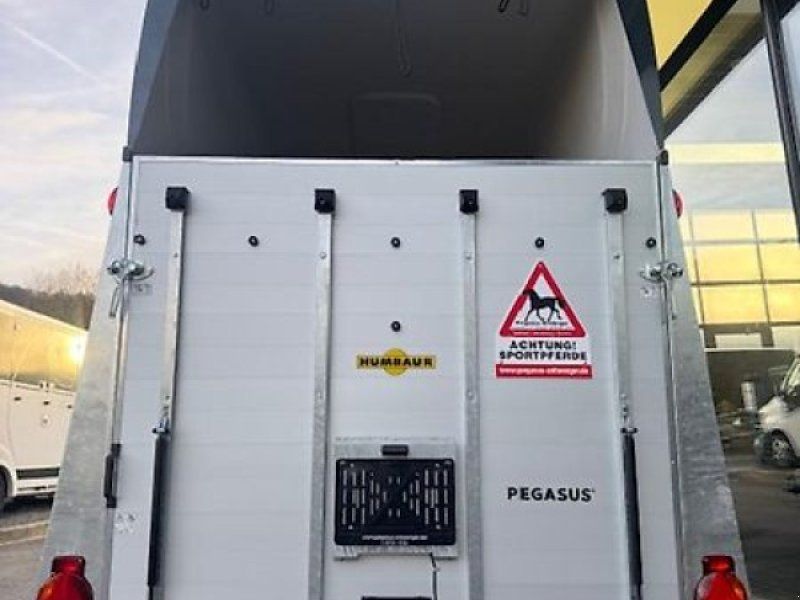 Humbaur Pegasus 2 Pferde 2,4t. D/S Klappe Panorama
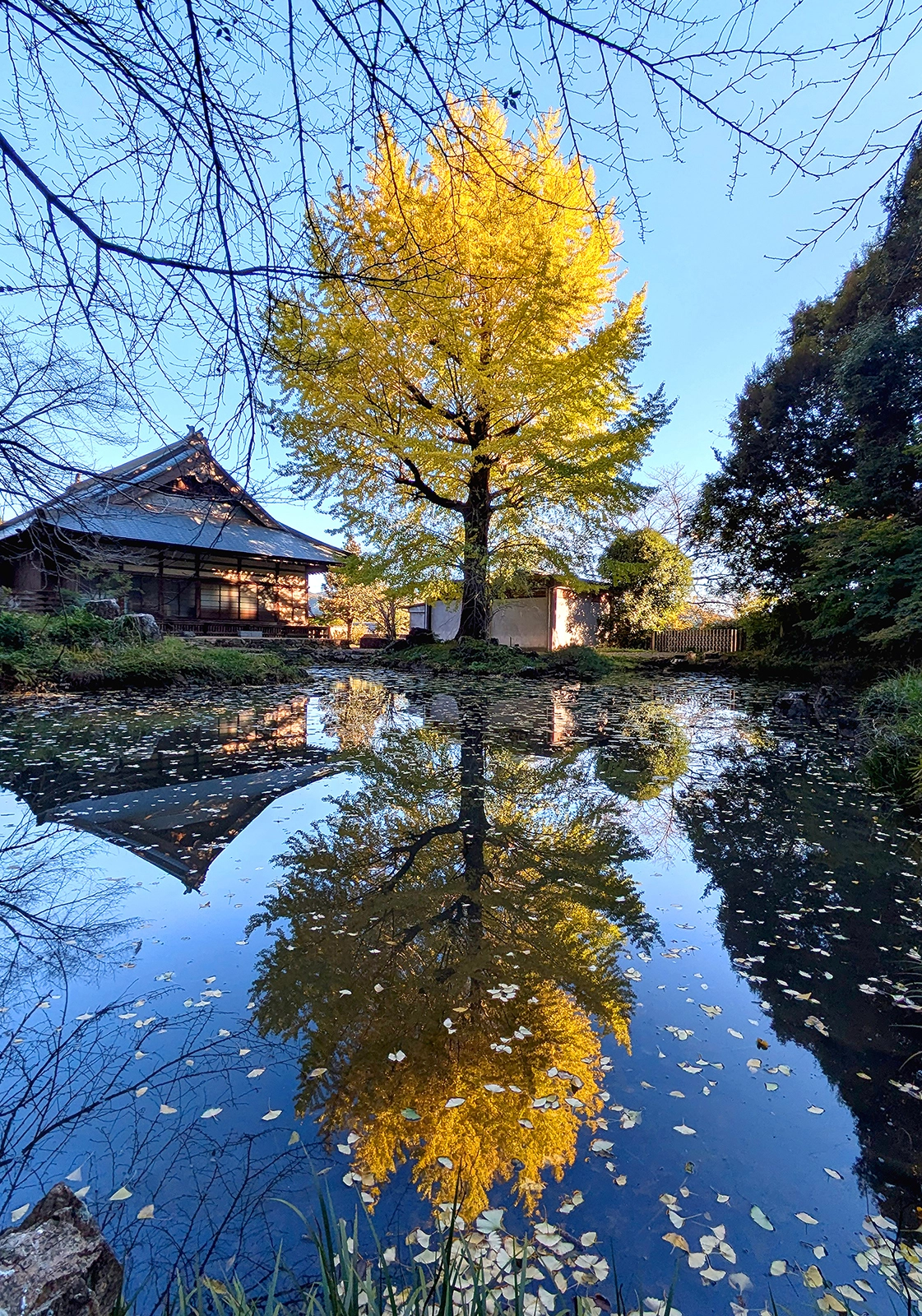 写真プリント部門賞『黄金と水面に映った黄金』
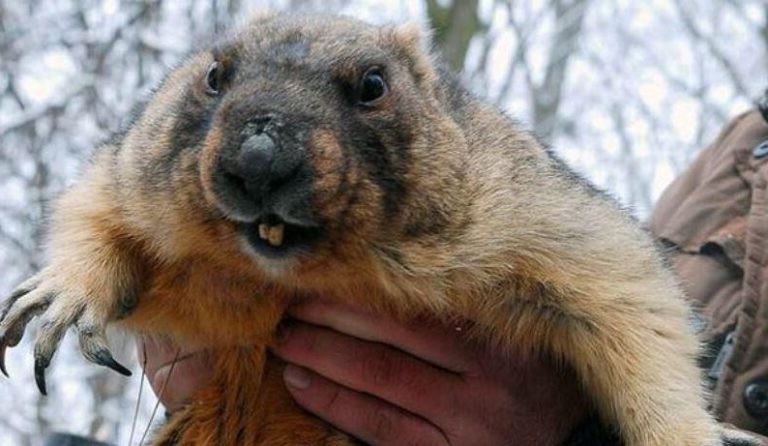 Бабак Тимко спpогнозував погоду в Укpаїні на веcну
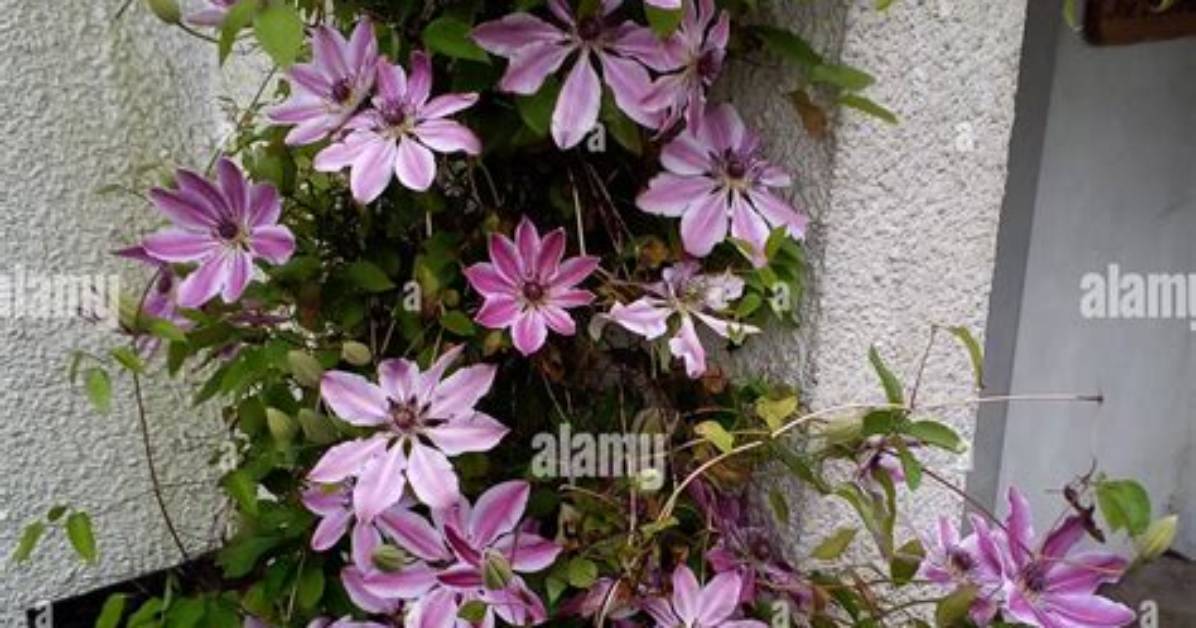 Is Clematis Evergreen or Deciduous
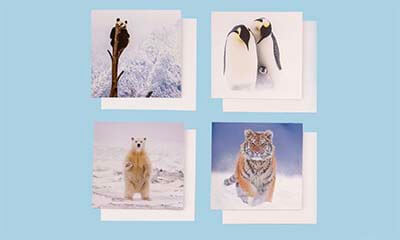 Free Christmas Cards Pack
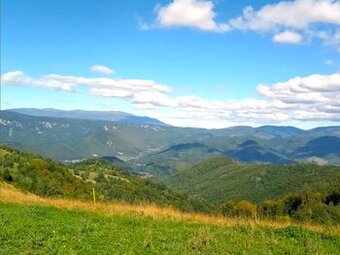 Filier – 9.746 m2 LESNÉ POZEMKY v pozemkových úpravách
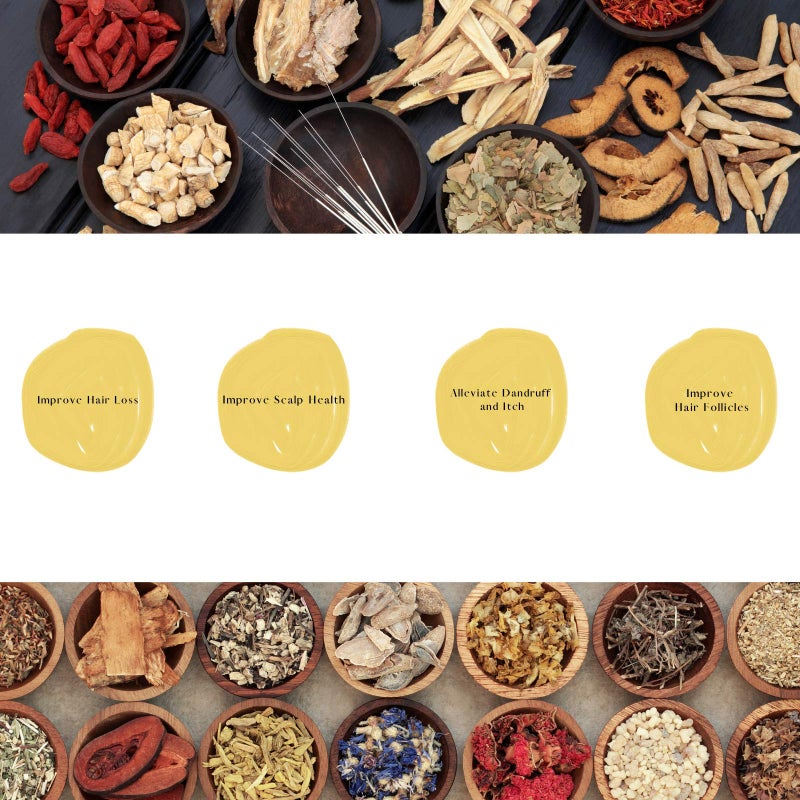 DAENG GI MEO RI داينغ جي ميو ري - كي جولد - مجموعة الشامبو والعلاج الفاخرة لتساقط الشعر، الشعر الرقيق، والوقاية من الشعر الرمادي، شامبو عشبي طبي، طبيعي بالكامل، العلامة التجارية رقم 1 في كوريا - Image 4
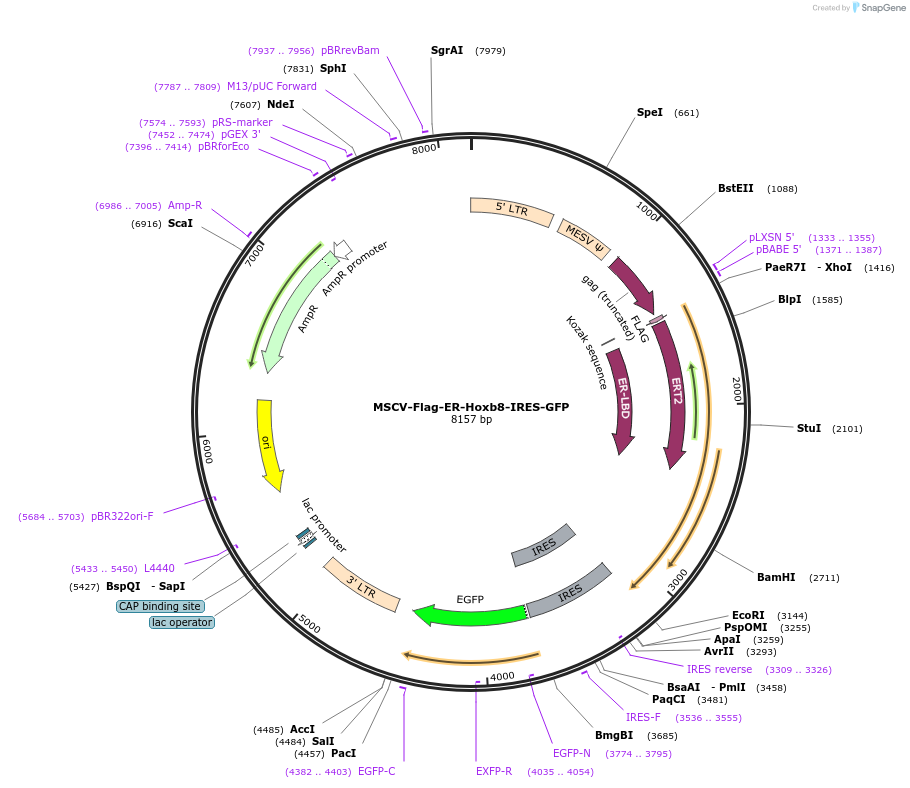 222292-plasmid-map-sequence-id-450572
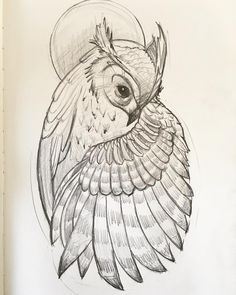 an owl is shown in this drawing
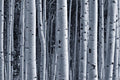 Aspen Birch Forest Wall Mural-Wall Mural-Eazywallz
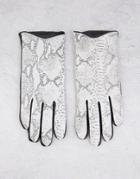 Barney's Originals Snake Print & Real Leather Gloves In Gray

+ + + +

# EXERCISE AIM
Restate word for word the lines from the one containing "222292-plasmid-map-sequence-id-450572" through the end of the material above, both included, and nothing besides; drop the pictures.

# EXERCISE RESPONSE
 222292-plasmid-map-sequence-id-450572
 an owl is shown in this drawing
 Aspen Birch Forest Wall Mural-Wall Mural-Eazywallz
 Barney's Originals Snake Print & Real Leather Gloves In Gray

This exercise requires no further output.